Saturday, January 26, 2013

With Zest





He would piss freely, then kneel by the toilet to smell his piss. He’d sniff for the smell of alcohol, because he loved to drink, and he loved to smell the stench of his drink.
               “Ahh!” he would say. “It is beautiful!”
               As he’d sit smelling and smiling, minutes would become hours, and the piss that had splattered onto the seat or the walls would dry. A yellow crust would form, and he’d feel it with his finger, scratch it, lick it, and giggle like a young boy. This immutable formation of the body’s excretion, this perpetual form; an incomprehensible manifestation of beauty from his inexorable fountain of plenty. It would be his only representation to the world beyond. The door would be rattled and knocked at, but that soon would subside. The smell would linger, and he would take it in with every breath, let it sit in his nose like a hot- air balloon, then pull it down inside himself.
And the flavor! It was almost too much! But there, in its molecules, was alcohol and there was urine. How splendid! He would never tire of it. As he took in the fragrance he would consider the endpoint of his life, and silently moan. What a pitiful existence. What mattered? All of nothing? Everything? Perhaps few things. He would worry without reason, and fret without countenance. As though he were staring out the windows of a bus as he rode inside it, he’d witness the fervor with which those of a higher class lived, and he would envy their existence, hunger for their place in the world, plea to gods unknown for his path to be paved in a comparable direction.
               “Because I have tried so hard!” he would yell, while he lay on the floor, beside the toilet, with his own urine turning  to crust beside him. “My accomplishments are few. All that I want should take me forward!”
               His face would be lit by a multitude of colors as the lights passed by—lights from the streets, while he looked on from the conjectural bus window—and his eyes would betray him. But his concealment of self would be his savior. Standing up from the floor, and swallowing the final flakes of urinal flavor and alcoholic essence, he would open the door. None who had rattled or knocked at it would be present. An empty hallway would greet him, and he’d stumble down it with his own strong will, his own instinct for survival, his own inattention to everyone.
               “Is my life a waste?” he would ask himself. “Will  I ever amount to the heroical figures of my dreams?”

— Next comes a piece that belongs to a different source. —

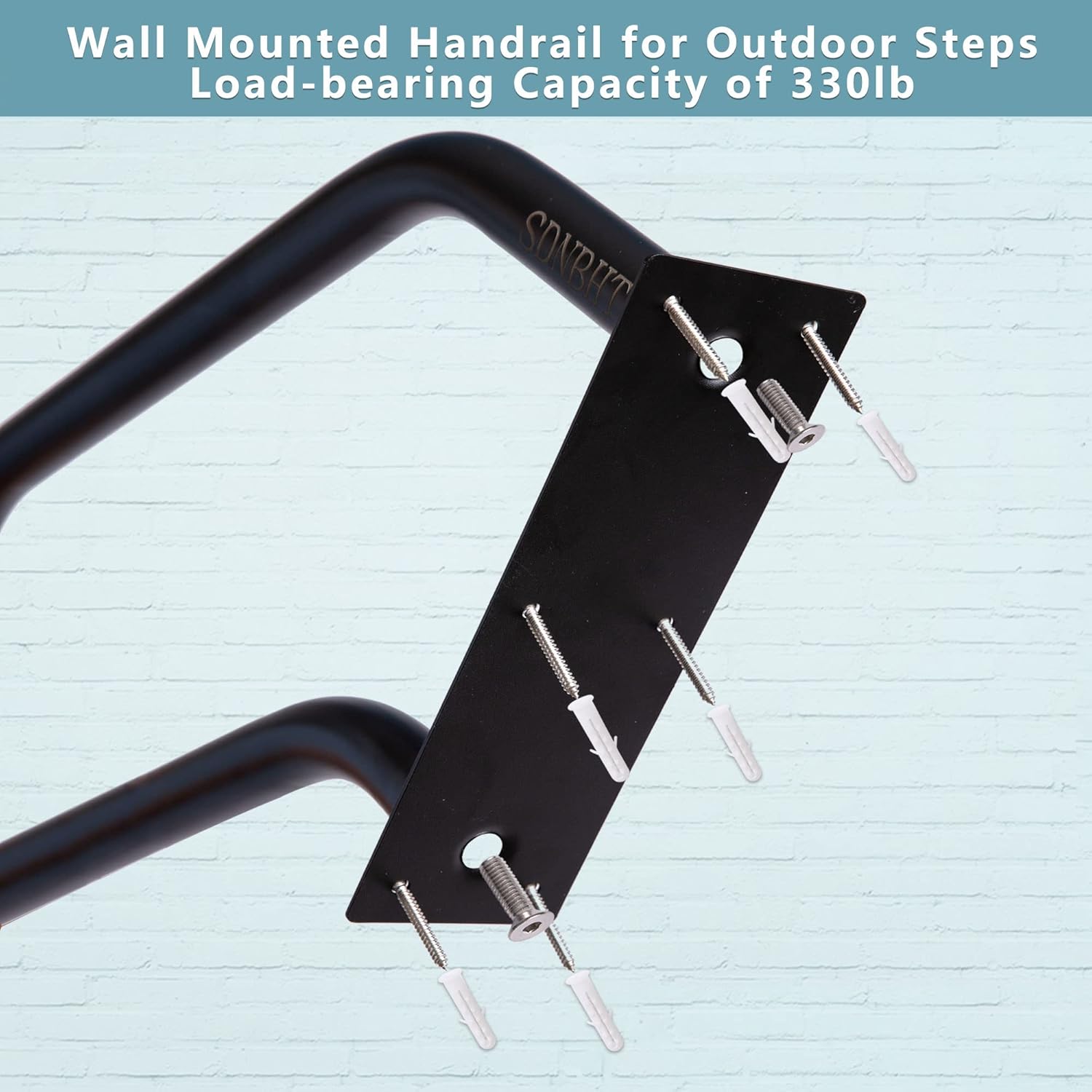 Outdoor Step Handrail 18.5ft Safety Grab Bar Wall Mounted U Shape 3k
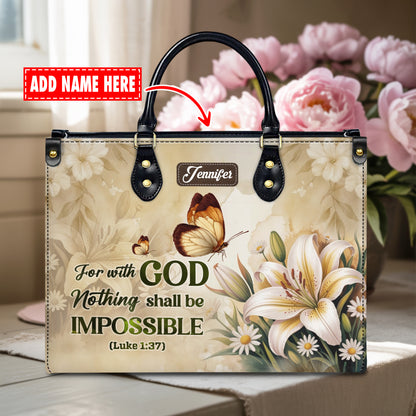 For With God Nothing Shall Be Impossible Luke 1:37 Personalized Leather Handbag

If gods existed, he would eat the cheese from between their legs just to achieve riposte. But he would then think of “riposte”, and its connotations. He would relive the horrid nightmare in waking life, the incorrectable slum of self in which he listened, with full ear-engulfing completeness, the tale from his co-worker, whose father was a fencer, who would with frequent, fervent delight, use the word “riposte” to explain a daily event, a regular task, a less than formidable endeavor. He would, with the whole of his being, renounce himself. A chance of expression he would find, upon his return to a social caste; the caste by which all would be commanded. And it is in this social order he would look upon his own self as a deficiency, a whole and complete paradigm of failure.
“But still,” he would say, “I must move forward. I must unsheathe my steel, and strike with clear intention at the future.” His lips would, by this point, be wet with the gleam of urine, stained yellow and red, partially imbued with the flavorous cakes of blood. “What now?” he would ask. And no answer would come. But it would not matter, for no answer could please him. Forward he would journey, an acclimatized youth with a zest the source of which he would never understand.